With autumn on the horizon, it’s litter cleanup season in Northwest Arkansas.
The fourth annual Pick Up Where You Play, a two-month-long regional volunteer litter cleanup event, kicks off Saturday, Sept. 9 in Devil’s Den State Park and continues through early November with cleanups throughout Benton and Washington counties.
Other locations include Osage Creek in Rogers on Sept. 30, Beaver Lake on Oct. 7, and Fayetteville’s biggest lakes throughout the fall. Find nearby cleanups and other details at knowtheflownwa.com.
The University of Arkansas Cooperative Extension Service, Boston Mountain Solid Waste District, several cities and local organizations team up every year to keep Northwest Arkansas’ parks, trails and waterways clean.
Litter harms wildlife and water quality and ultimately impacts the region’s drinking water sources, but every NWA resident can help prevent pollution and conserve natural resources.

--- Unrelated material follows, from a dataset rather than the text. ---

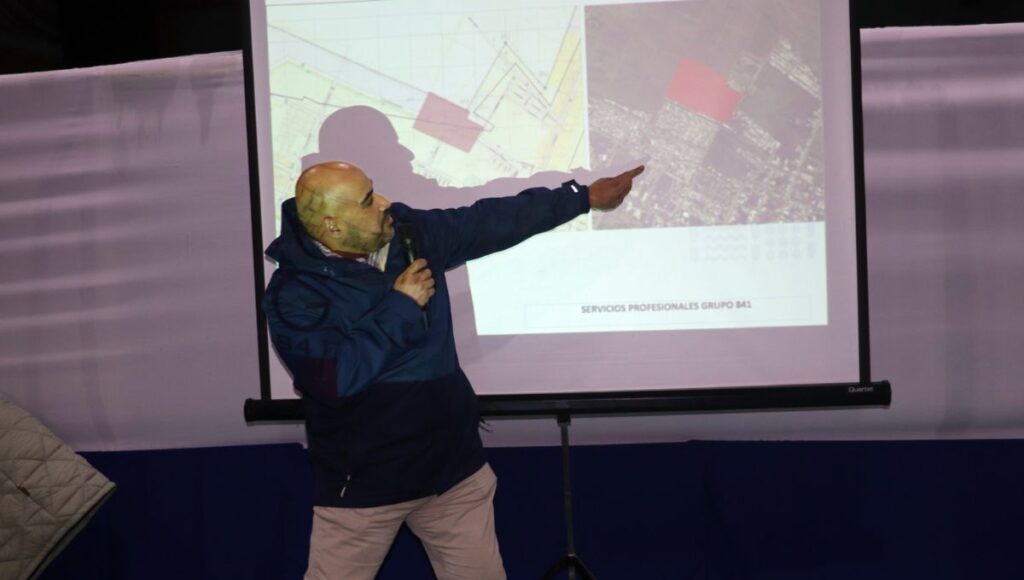 Alcalde Felipe Mendez presenta proyecto habitacional para 282 familias en Molina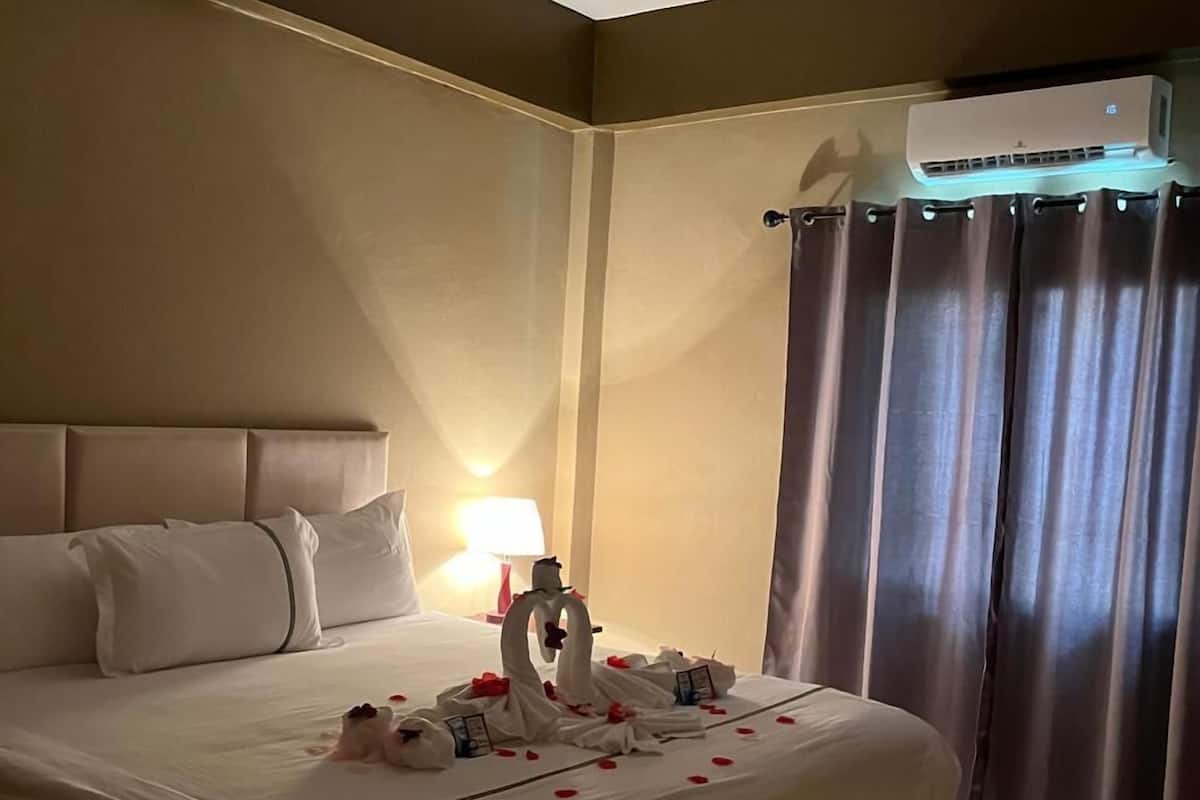 Double Room | Pillowtop beds, in-room safe, blackout drapes, iron/ironing board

Almost 700 volunteers participated in 21 cleanup events in 2022.
“No matter your age or background, you can help protect your water and your neighbors,” said Jane Maginot, stormwater educator with the cooperative extension. “It’s wonderful to see so many organizations and volunteers work together in ways that benefit all of us.”
Pick Up Where You Play participants will receive gloves, bags and giveaways, plus they can enter for a drawing for a canoe trip and two-night cabin stay for four donated by Gracie’s Canoe Camp in Pineville, Missouri.
For those who can’t make it to a scheduled cleanup event, or who want to pick up trash in their own favorite park or stream, supplies and other assistance are available through Keep Arkansas Beautiful. Go to Keep Arkansas Beautiful’s online form to request equipment, tally up collections and publicize your own event.
Did you know some litter can be recycled?
It just needs to be the right thing, empty and clean.
The recyclables you’ll find most often will be aluminum cans and plastic bottles – think water and soda bottles or jugs marked #1 or #2. Other plastics should be put in the garbage. Less common but still recyclable are steel cans and unbroken glass bottles.
Paper, cardboard and some other recyclable materials are easily ruined outdoors, so don’t worry about recycling them in this context.